(Task requirements)
Retype word for word the stretch of entries below from the line that has "BOATZON | Scout 240 XSF 2026" through the line that has "Изрображение 'ПОСОЛ США", and omit the pictures.

(Record extracts)
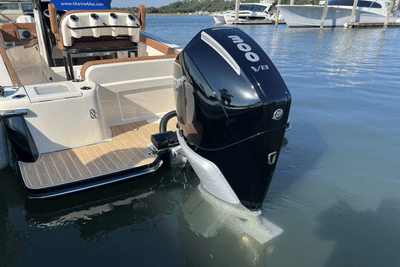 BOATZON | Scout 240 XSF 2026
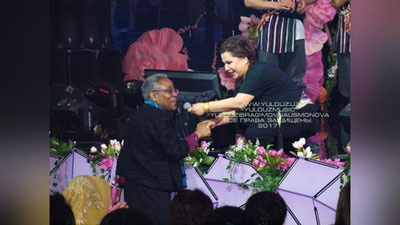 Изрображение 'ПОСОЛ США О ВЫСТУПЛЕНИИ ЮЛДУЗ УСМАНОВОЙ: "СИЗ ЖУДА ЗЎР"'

...

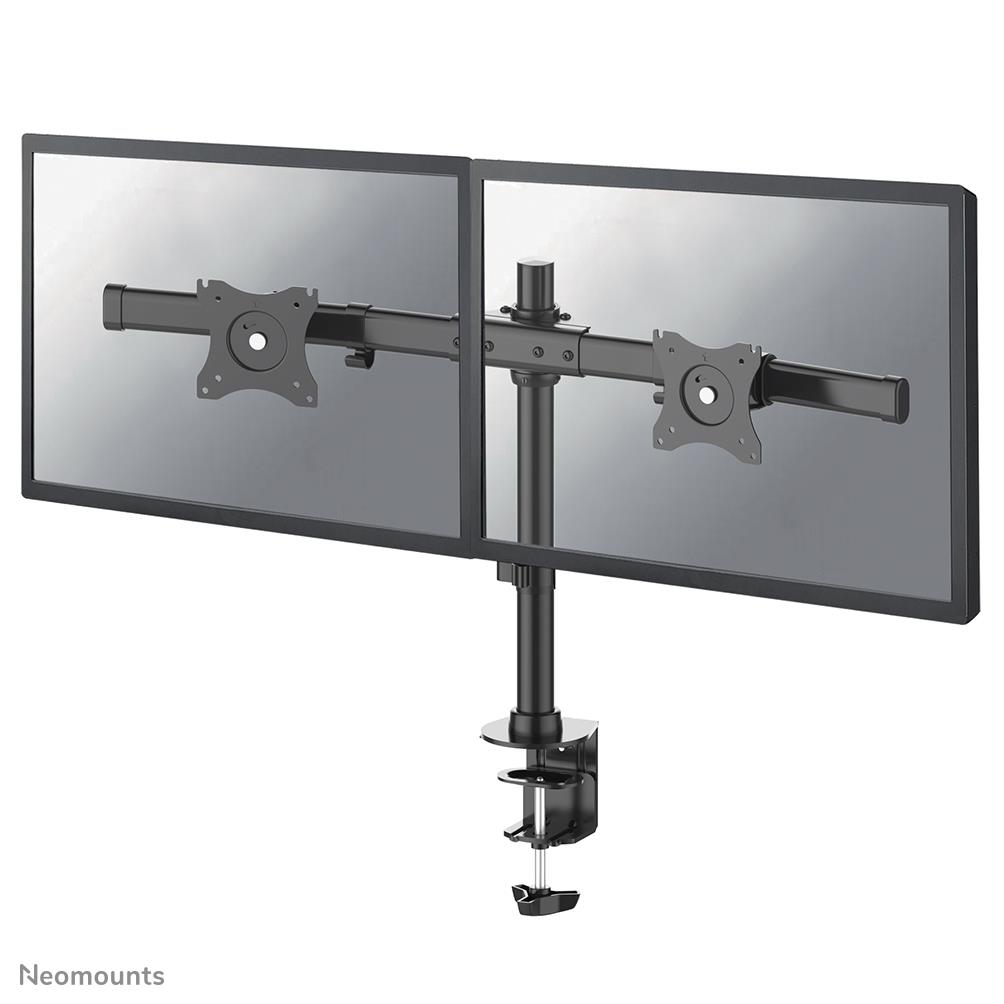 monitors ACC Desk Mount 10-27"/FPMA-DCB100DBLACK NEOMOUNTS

--

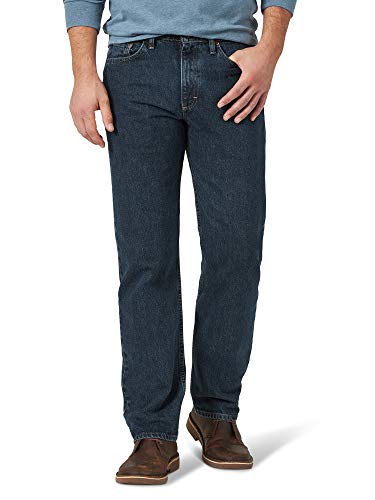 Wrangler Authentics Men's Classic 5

(Response below)
 BOATZON | Scout 240 XSF 2026
 Изрображение 'ПОСОЛ США О ВЫСТУПЛЕНИИ ЮЛДУЗ УСМАНОВОЙ: "СИЗ ЖУДА ЗЎР"'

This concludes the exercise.